Stored data:
----
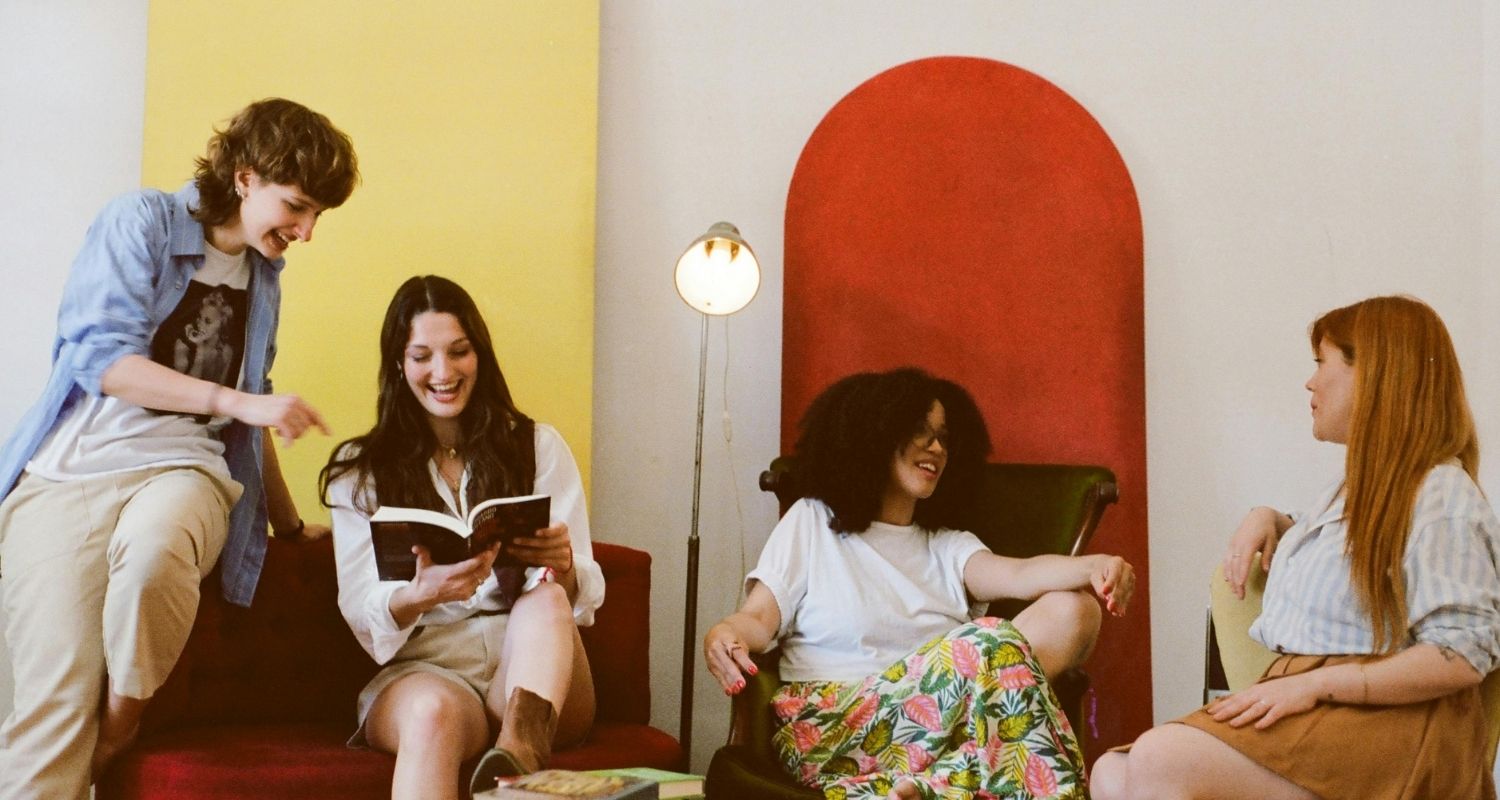 Quattro giovani sedute insieme in uno spazio colorato, mentre una ragazza legge ad alta voce da un libro e gli altri ascoltano e sorridono, creando un momento informale e conviviale.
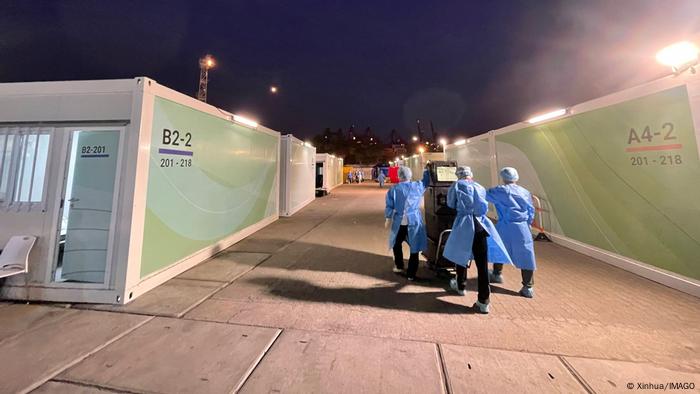 Health personnel distribute food in a quarantine center.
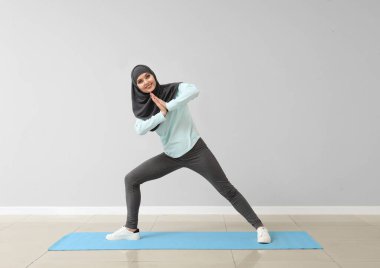 Sportif Müslüman kadın spor salonunda yoga yapıyor.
----
Assignment: Repeat the listing in full and to the letter, excluding every image.

Answer below:
 Quattro giovani sedute insieme in uno spazio colorato, mentre una ragazza legge ad alta voce da un libro e gli altri ascoltano e sorridono, creando un momento informale e conviviale.
 Health personnel distribute food in a quarantine center.
 Sportif Müslüman kadın spor salonunda yoga yapıyor.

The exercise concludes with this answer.